La ministre des Sports se satisfait d'une "prise de conscience" de Laporte, après sa mise en retrait

Par Rugbyrama
Le | Mis à jour

AFFAIRE LAPORTE-ALTRAD - La proposition de Bernard Laporte de se mettre en retrait de la présidence de la Fédération française de rugby (FFR) après sa condamnation de justice est "une première prise de conscience" mais pose plusieurs questions, a estimé mardi la ministre des Sports Amélie Oudéa-Castéra.

Condamné mardi 13 décembre à deux ans de prison avec sursis pour corruption et de plus en plus isolé, Bernard Laporte a accepté lundi soir de se mettre "en retrait" de ses fonctions de président de la FFR en attendant son procès en appel, mais pas de démissionner.

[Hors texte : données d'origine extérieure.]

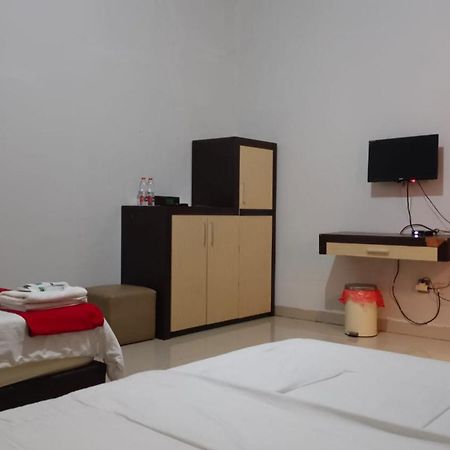 Reddoorz Syariah At Grand Taufiq טראקאן מראה חיצוני תמונה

Il a en outre proposé son remplacement par un président-délégué à titre provisoire. "On va dire que c'est une première prise de conscience. Maintenant, la mise en retrait il faut qu'on comprenne exactement ce que ça veut dire, ce n'est pas une notion qui est prévue par les textes et par les statuts, donc il faut qu'on comprenne de quelles garanties elles s'accompagnent", a affirmé la ministre des Sports au micro de France 2.

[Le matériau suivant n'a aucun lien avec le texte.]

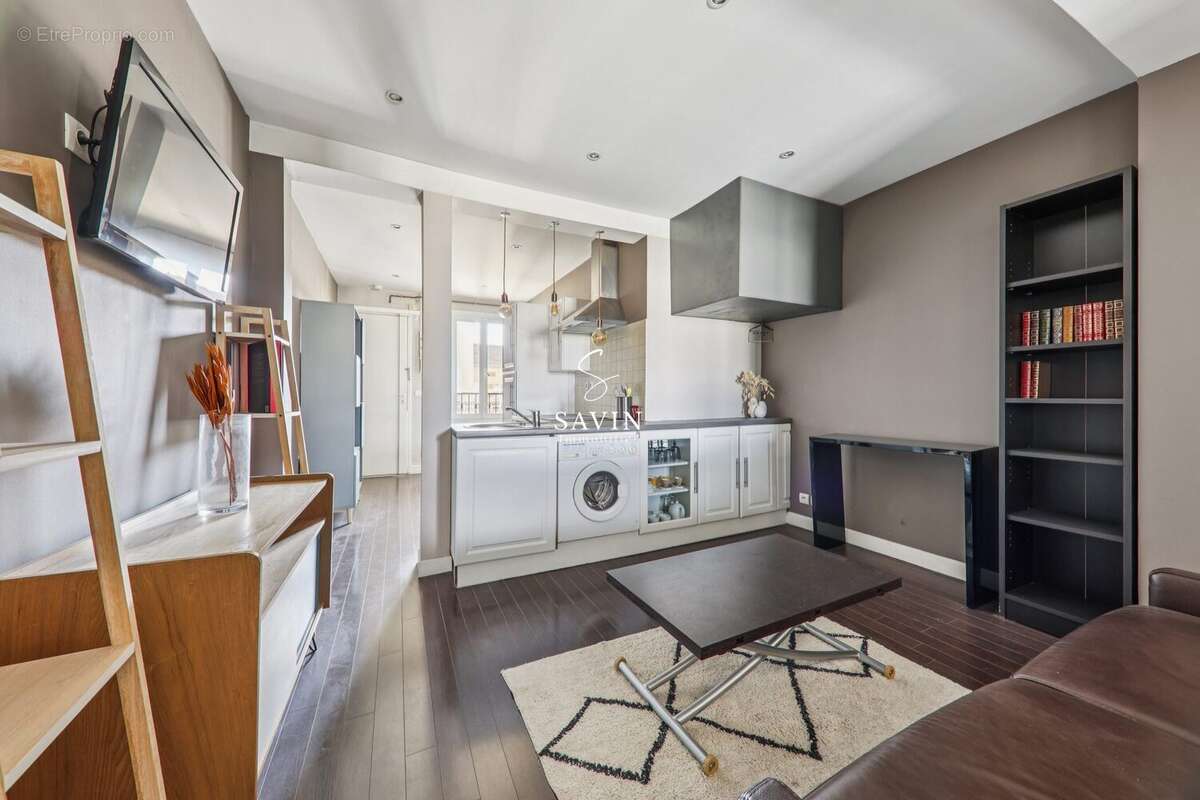 Appartement à PARIS-18E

Une rencontre avec le comité d'éthique ce mardi

Nommer un président délégué "soulève là aussi un certain nombre de questions, de durée, de légitimité, de périmètre, de validité juridique et tout cela doit être regardé", a poursuivi Amélie Oudéa-Castéra, qui doit recevoir Bernard Laporte jeudi. La ministre a indiqué qu'elle allait au préalable, ce mardi après-midi, s'entretenir avec le président du comité d'éthique de la FFR, qui avait demandé la mise en retrait de Bernard Laporte. A moins de neuf mois de la Coupe du monde 2023 organisée en France (8 septembre - 28 octobre), "la situation fait obstacle à ce qu'il soit le président en exercice de cette fédération", a ajouté la ministre.

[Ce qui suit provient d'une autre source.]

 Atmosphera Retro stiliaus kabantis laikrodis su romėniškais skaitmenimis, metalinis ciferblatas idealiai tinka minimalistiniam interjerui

En poste depuis fin 2016, M. Laporte, réélu en 2020 pour un mandat de quatre ans, a été reconnu coupable le 13 décembre de cinq des six infractions pour lesquelles il était poursuivi, dont celles de corruption passive et de trafic d'influence. Ayant fait appel de la décision du tribunal correctionnel de Paris, sa peine de prison avec sursis, ainsi que l'interdiction d'exercer l'activité de président de la FFR pour une durée de deux ans, ne sont pas immédiatement exécutoires.